Chicken fillet with fennel vegetables is a recipe featuring fresh ingredients from the chicken category. Try this and other recipes from Spoonsparrow!

(2)

Ingredients

  • 500 g waxy potatoes
  • Salt
  • 2 bulbs fennel
  • 200 g Cherry tomatoes
  • 2 sprigs Rosemary
  • 4 cloves garlic
  • 600 g Chicken breast fillet
  • 2 tbsp plant oil
  • 20 g clarified butter
  • butter (for the dish)

Instructions

  1. 1.

    Wash the potatoes and cook in boiling salted water for about 20 minutes. Preheat the oven to 200°C with upper and lower heat. In the meantime, clean the fennel, quarter it, remove the tough core, and slice or julienne thinly. Wash and trim the tomatoes. Crush the garlic cloves. Wash the rosemary, shake dry, and pluck the needles. Wash the chicken, pat dry, season with salt and pepper, and sear in a hot pan with oil until golden brown on all sides.
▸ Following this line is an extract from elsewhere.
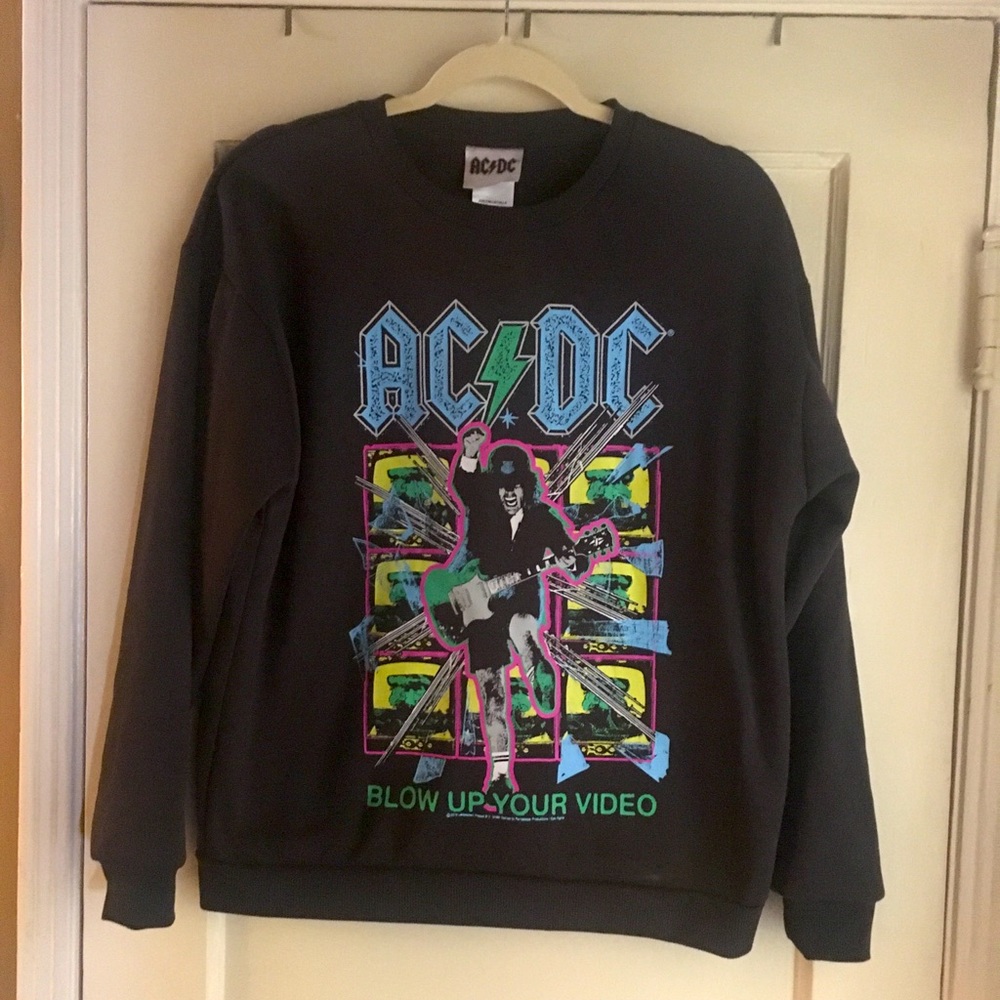 Brand new sweater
Remove and set aside.

  2. 2.

    Drain the potatoes, rinse cold, peel, cut into wedges, and sauté in a pan with melted clarified butter until golden brown on all sides. Remove and place in a buttered baking dish. Sauté the fennel in the same pan, then add the tomatoes, rosemary, and crushed garlic to the potatoes. Mix well, season with salt and pepper, halve the chicken breasts, lay them atop the vegetables, and bake for another 10-15 minutes in the preheated oven. Remove and serve immediately.